Doctor Ana Stelline (Carla Juri) who designs replicant memories, confirms his findings and he concludes he is Rachael’s son. At police headquarters, he fails a post-traumatic baseline test, marking him as a rogue replicant. He tells Joshi he retired the child. Joshi gives him 48 hours to pass the test, or he will be retired himself. Joi hires Mariette (Mackenzie Davis) as a surrogate for Joi to have sex with K. Mariette is in the replicant freedom movement and places a tracker on him. He transfers Joi to a mobile emitter so he can’t be tracked through her memory files. Analysis of the toy horse leads him to the ruined Las Vegas, where he finds Deckard, who tells him he is the father and destroyed the birth records himself, leaving the child with the replicant freedom movement.
Liv kills Joshi and tracks K to Las Vegas. She kidnaps Deckard, destroys Joi, and leaves K to die. The freedom movement rescues K. Their leader, Freysa (Hiam Abbass), tells him she helped deliver Rachael’s child and it was a girl. K realizes he is not Rachael’s child after all, but Doctor Stelline is, and his implanted memories are hers. Luv takes Deckard to Wallace Corporation Headquarters to meet Wallace, who offers Deckard a clone of Rachael for revealing what he knows. Deckard refuses and Luv kills the clone. Deckard is to be transferred off-world to be tortured and interrogated, but K arrives to rescue him. He kills Luv but is mortally wounded himself. He stages Deckard’s death to keep him safe. As K lies dying, Deckard meets his daughter.
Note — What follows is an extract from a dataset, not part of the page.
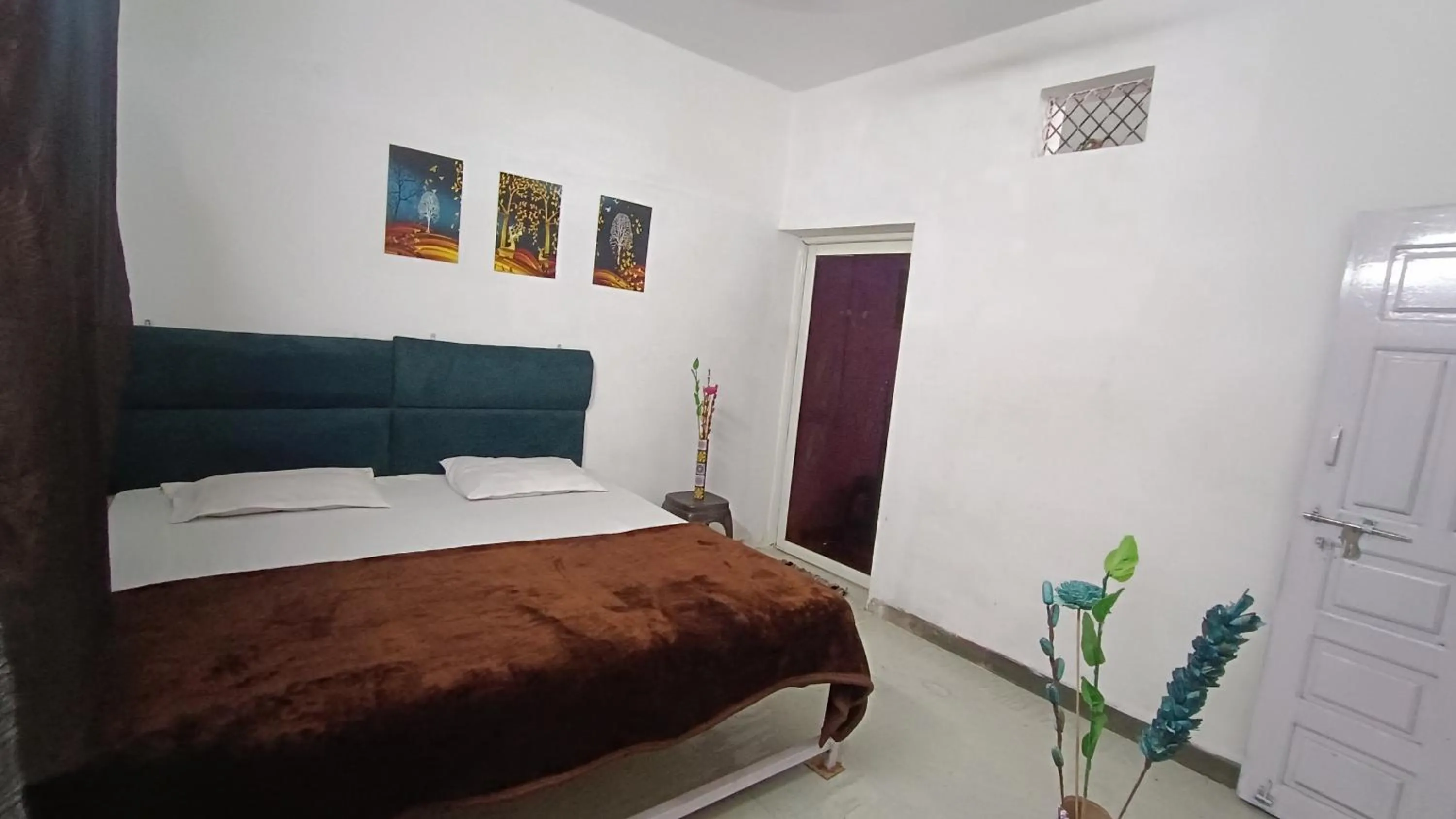 Bed in SHREE RAM KUTI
The film was directed by Denis Villeneuve, written by Hampton Fancher and Michael Green, as a sequel to Blade Runner. The idea dates back to the 1990s, but licensing problems delayed production. Ridley Scott declined to direct but he produced, and appointed Villeneuve. The film was praised by critics but was a box-office disappointment, probably because it was long and complicated. It was nominated and won several Oscars and received eight nominations at the British Academy Film Awards. Denis Villeneuve was frankly terrified of directing a sequel to Blade Runner, his favorite movie. As a child in small-town Quebec before the Internet, he had little experience with Hollywood except for a box of movie magazines he ran across, and when he saw Blade Runner, he was blown away.
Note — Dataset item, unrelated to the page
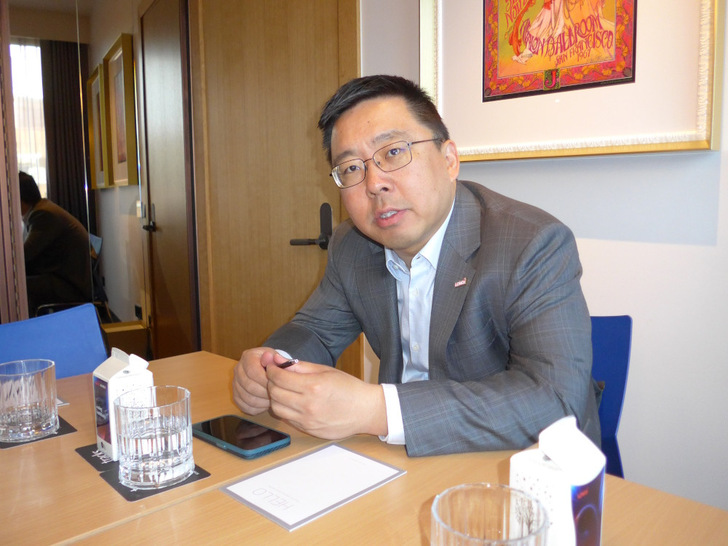 Leon Zhang, President Utility Europe of LONGi, talks to pv Europe in Madrid. - © Hans-Christoph Neidlein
Ryan Gosling was likewise inspired by Blade Runner. Harrison Ford recommended him for the role. Ford was enthusiastic as well, despite his difficulties on the original film. As David Bowie had died, Jared Leto was given the role of Niander Wallace. Eccentric as always, he acted in opaque contact lenses to make himself literally blind. Hans Zimmer managed to create a film-score that reminds us of the brilliant music for Blade Runner written by Vangelis. A version of the film without nudity was made for release in Turkey, incurring the wrath of the Film Critics Association of Turkey. The depiction of replicant women as sex-machines in the film was criticized in the West, but defenders pointed out that this was a dystopian slave-society.
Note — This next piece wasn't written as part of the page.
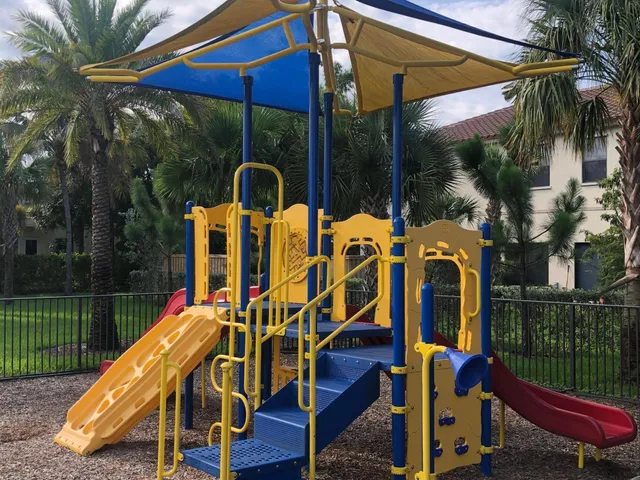 a view of outdoor space yard deck and patio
Sean Young’s younger self and clone were reproduced from archival footage. Niander Wallace’s first name refers to Neanderthals, who were replaced by the more efficient Homo Sapiens. If you scan the barcode on Luv’s police spinner vehicle, it says Phillip K. Dick. The song sung by the Elvis Presley hologram appears to mirror the events of the movie. K is the name of the hapless hero in Franz Kafka’s The Trial. According to Denis Villeneuve, the film is based on two separate cuts of the Blade Runner original, one a story of falling in love with a replicant, the other a replicant finding its own identity. Villeneuve might once have been intimidated by Blade Runner, but he has given us Arrival, Dune, and soon Rendezvous with Rama.